Media giant Condé Nast announced this week that they have acquired online recipe box and shopping list tool ZipList for an undisclosed amount. ZipList, which has over 1.2 million members, wouldn’t comment on the terms of the deal, but AllThingsD is reporting that the price tag was $14 million.
The company, which launched in 2010 and debuted a redesigned site in September 2011, has raised $4.5 million to date, from investors including Martha Stewart Living Omnimedia, also one of their launch partners. Founder Geoff Allen said the company started talking to Condé Nast in late 2011 about a partnership. “A lot of people initially thought that a media company wouldn’t be a natural fit,” Allen said in an interview, but he said he found that Condé Nast valued the company for what it was, rather than trying to make it one of their traditional brands. “That’s kind of a unique perspective.”
ZipList already has over 135 strategic partners, including AOL’s KitchenDaily.com and several Martha Stewart properties.

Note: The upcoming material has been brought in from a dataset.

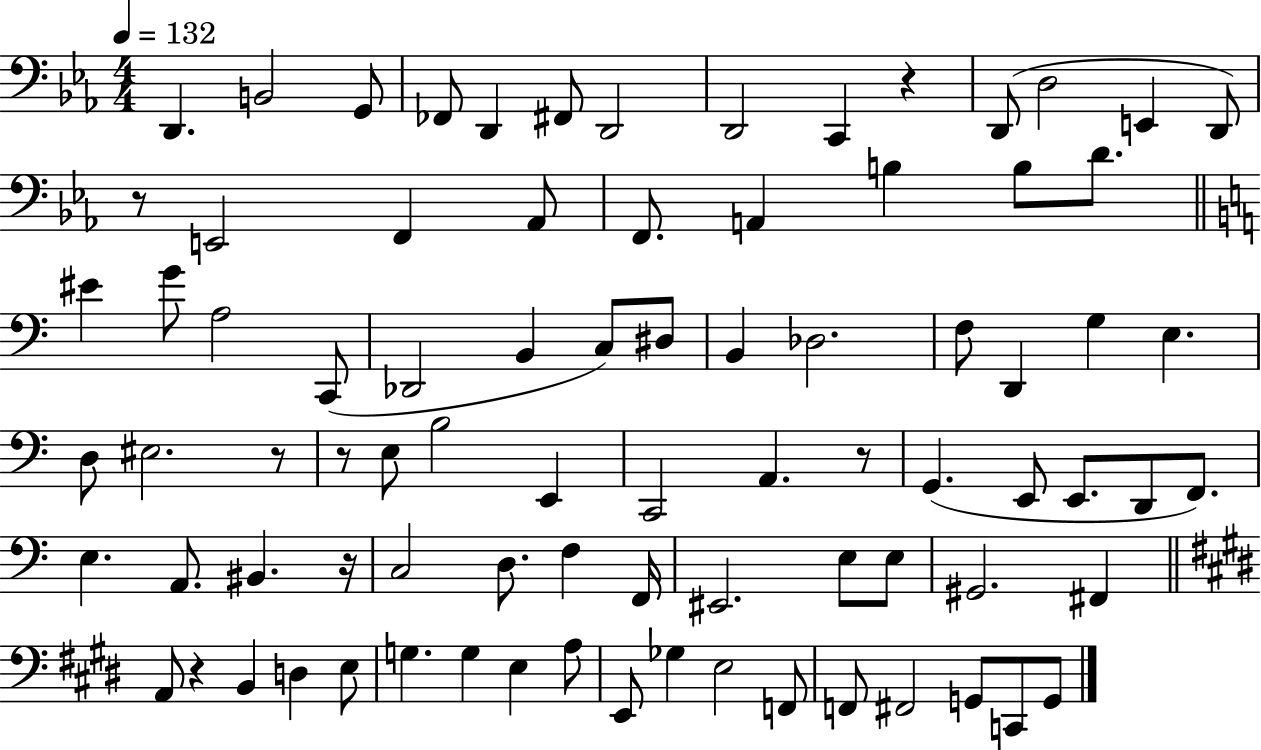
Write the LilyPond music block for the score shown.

Allen said the acquisition is “no different than if we had signed Condé Nast as a partner,” though now they have the media giant’s resources behind them. “We’re going to be accelerating our growth,” Allen said, and “accelerating our partner products.”

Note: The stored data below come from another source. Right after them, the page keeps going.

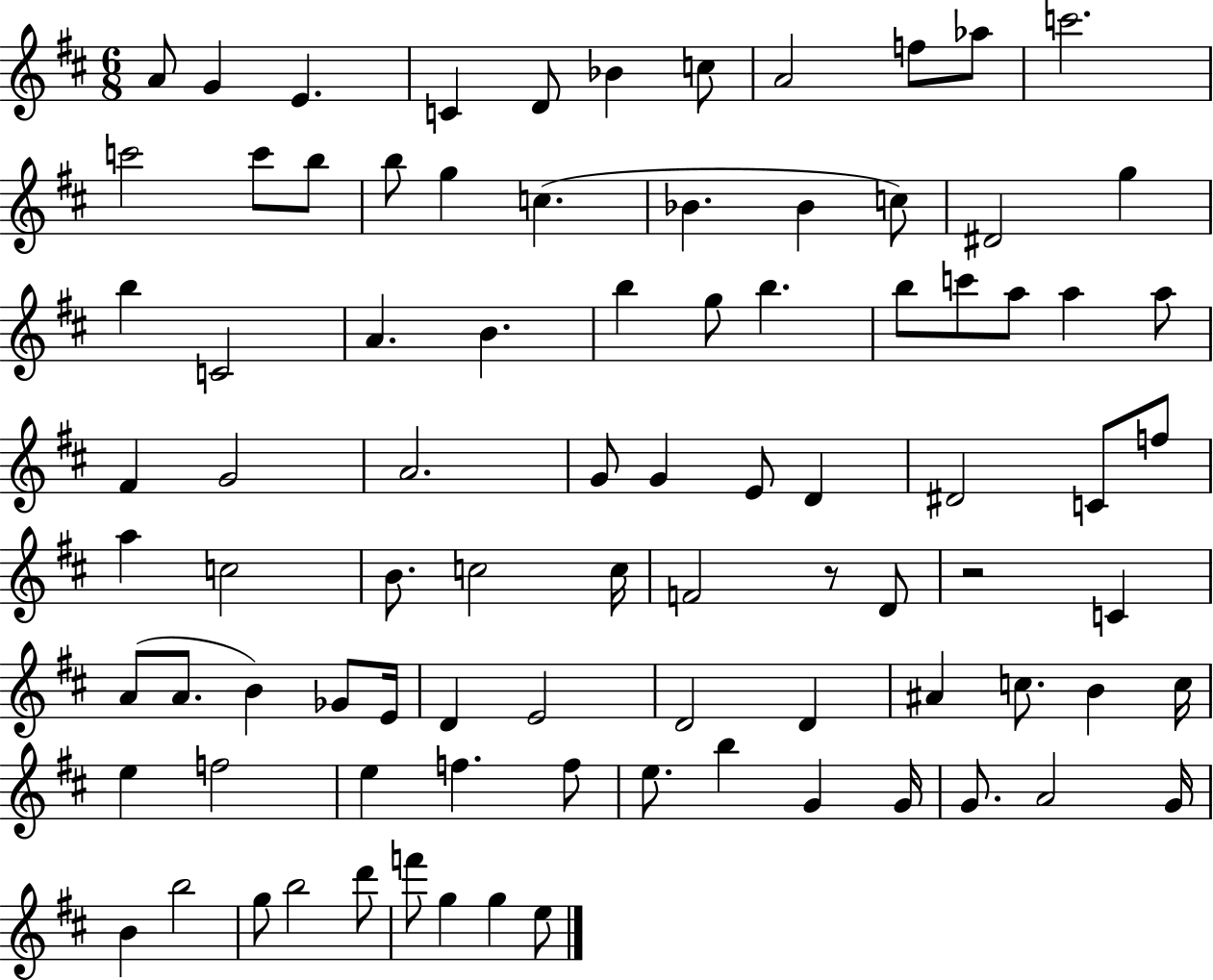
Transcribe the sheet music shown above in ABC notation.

X:1
T:Untitled
M:6/8
L:1/4
K:D
A/2 G E C D/2 _B c/2 A2 f/2 _a/2 c'2 c'2 c'/2 b/2 b/2 g c _B _B c/2 ^D2 g b C2 A B b g/2 b b/2 c'/2 a/2 a a/2 ^F G2 A2 G/2 G E/2 D ^D2 C/2 f/2 a c2 B/2 c2 c/4 F2 z/2 D/2 z2 C A/2 A/2 B _G/2 E/4 D E2 D2 D ^A c/2 B c/4 e f2 e f f/2 e/2 b G G/4 G/2 A2 G/4 B b2 g/2 b2 d'/2 f'/2 g g e/2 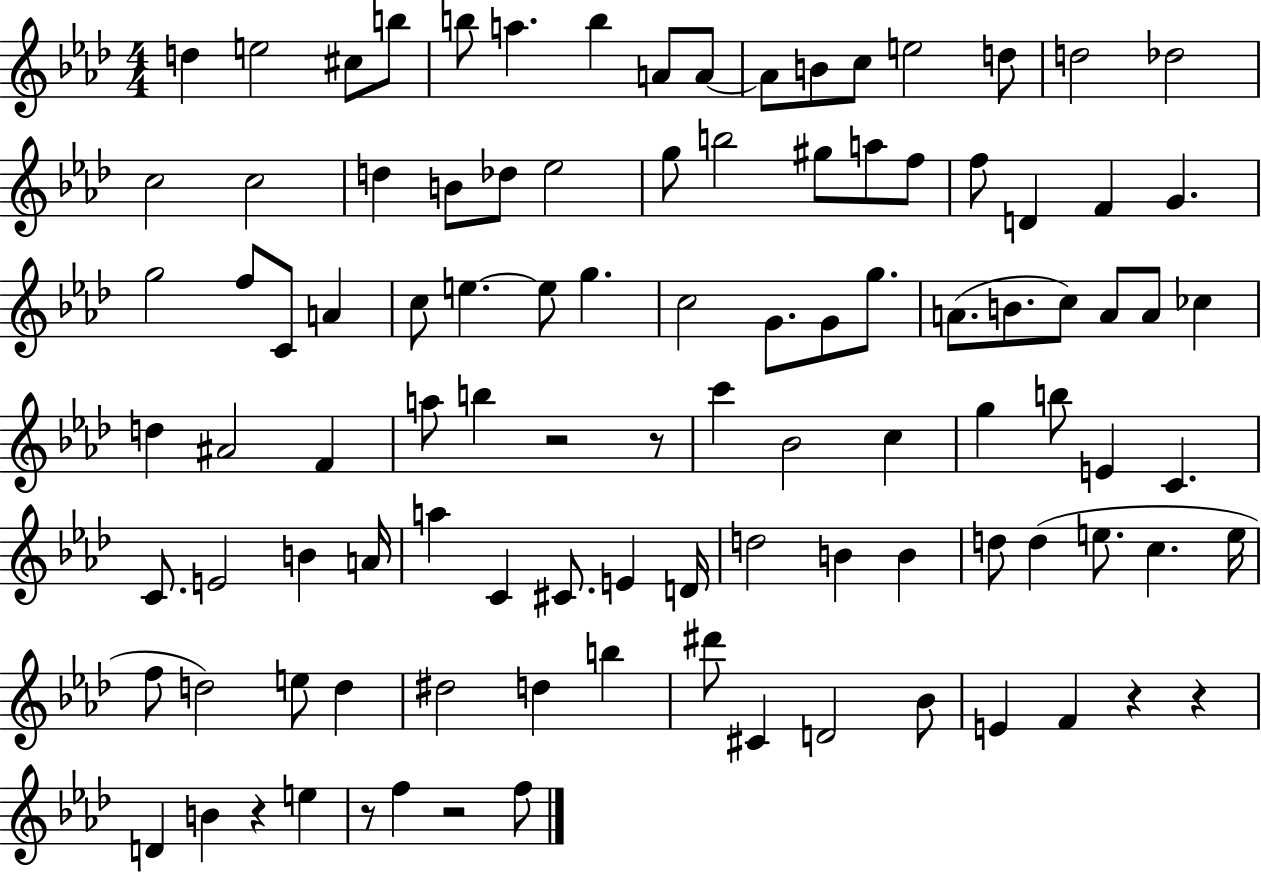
{
  \clef treble
  \numericTimeSignature
  \time 4/4
  \key aes \major
  d''4 e''2 cis''8 b''8 | b''8 a''4. b''4 a'8 a'8~~ | a'8 b'8 c''8 e''2 d''8 | d''2 des''2 | \break c''2 c''2 | d''4 b'8 des''8 ees''2 | g''8 b''2 gis''8 a''8 f''8 | f''8 d'4 f'4 g'4. | \break g''2 f''8 c'8 a'4 | c''8 e''4.~~ e''8 g''4. | c''2 g'8. g'8 g''8. | a'8.( b'8. c''8) a'8 a'8 ces''4 | \break d''4 ais'2 f'4 | a''8 b''4 r2 r8 | c'''4 bes'2 c''4 | g''4 b''8 e'4 c'4. | \break c'8. e'2 b'4 a'16 | a''4 c'4 cis'8. e'4 d'16 | d''2 b'4 b'4 | d''8 d''4( e''8. c''4. e''16 | \break f''8 d''2) e''8 d''4 | dis''2 d''4 b''4 | dis'''8 cis'4 d'2 bes'8 | e'4 f'4 r4 r4 | \break d'4 b'4 r4 e''4 | r8 f''4 r2 f''8 | \bar "|."
} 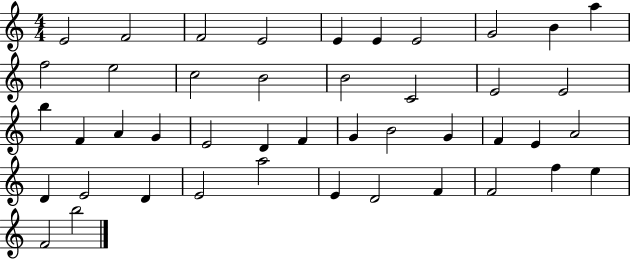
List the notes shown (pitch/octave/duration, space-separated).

E4/h F4/h F4/h E4/h E4/q E4/q E4/h G4/h B4/q A5/q F5/h E5/h C5/h B4/h B4/h C4/h E4/h E4/h B5/q F4/q A4/q G4/q E4/h D4/q F4/q G4/q B4/h G4/q F4/q E4/q A4/h D4/q E4/h D4/q E4/h A5/h E4/q D4/h F4/q F4/h F5/q E5/q F4/h B5/h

Condé Nast already has several food-focused properties, including online recipe site Epicurious, print and digital food magazine Bon Appétit and website Gourmet Live, all of which are now ZipList clients (prior to the acquisition, ZipList hadn’t partnered with any of their brands). ZipList’s functionality will be available across Condé Nast food brands to give consumers access to the company’s digital recipe and shopping list network.
As for partnerships with other media properties, Allen said the acquisition won’t stop them from signing up other partners outside of the Condé Nast banner. “They’re a leading food brand, and there are lots of other ones out there that we need to talk to,” he said. In total Condé Nast publishes 22 magazines, 27 websites and more than 50 mobile apps. The magazine publisher echoed Allen’s claim that ZipList will continue to operate as a separate brand in a press release announcing the deal.
ZipList allows users to save recipes from anywhere on the web to a central recipe box, using the website, Android app or iPhone apps, and create shopping lists. They also offer partner tools to media, lifestyle, grocery, retail and consumer packaged goods properties to integrate shopping lists and recipe box features into their own websites and mobile apps. The site offers a plug-in for websites who want to allow vistiors to save recipes and create shopping lists on ZipList, and currently over 6,500 food partner sites and blogs such as Simply Recipes and Skinnytaste.com have installed it.
ZipList’s head office will remain in Virginia, though several NYC-based employees will move to the Condé Nast offices, and the site will retain all of its current functionality. Allen said the acquisition also means that the company will look to do more ad sales. “We’ll certainly be able to get the benefit of working with Condé Nast and the reach of their advertising relationships,” he said.
With traditional media companies looking for ways to boost their digital revenue and offerings, it makes sense for Condé Nast to acquire ZipList, especially because they are basically becoming one of the company’s biggest customers through their food brands with the new brand partnerships announced alongside the acquisition. And for ZipList, which has the green light to pursue partners outside of the Condé Nast banner, it means they get built-in clients and still have the potential for growth with external partnerships.